Title of Artwork: “Our Banner in the Sky”
Artwork by Frederic Edwin Church
Year Created 1861
Summary of Our Banner in the Sky
Despite its rarity within Church’s body of work, this is one of the artist’s most intimate pieces. According to legend, the year Our Banner in the Sky was built was the year when hostilities between Unionists and Confederates broke out. After dark, the Union flag is formed by a gap in the clouds, with a dead tree in the foreground functioning as temporary flagpole, against a blue, star-filled sky with red light stripes. A blatant visual reference to the American Civil War, without being overdone, gives away Church’s allegiances throughout that battle.
All About Our Banner in the Sky
It’s possible that Church, a native of the Federal-supporting north who spent his formative years in Connecticut before relocating to New York State in 1849, was alluding to a particular moment in the war’s early stages when he wrote this piece. South Carolina’s sea fort, Fort Sumter, was the scene of the war’s opening fight, in which the Union soldiers were routed after a 30-hour siege.

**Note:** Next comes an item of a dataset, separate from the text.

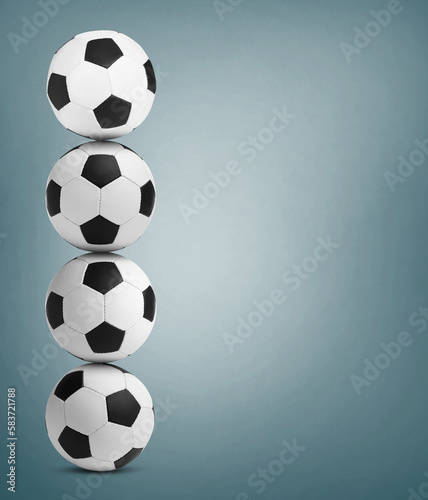 Fototapeta Naklejka Na Ścianę i Meble -  Stack of soccer balls on dusty light blue background. Space for text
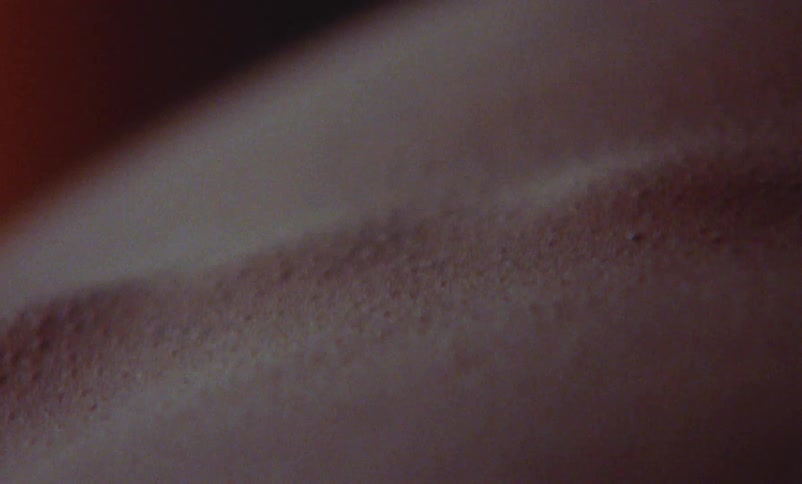 Close view of goose bumps on a persons spine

However, it has been believed that the war-torn flags and stripes that flew above the fort even after the fight reflect Church’s defiance and faith that a unified America will ultimately triumph.
Church deviated from the typical path of development in his work by presenting such a blatant symbolic conceit. Church, according to art historian Jennifer Raab, “challenging an earlier model of painting based on symbolic unity” as he progressed toward more realistic realism. In this case, Church employs visual metaphor to make a strong political statement, demonstrating the importance to him of the issue and his near-spiritual faith in the eventual unification of his country.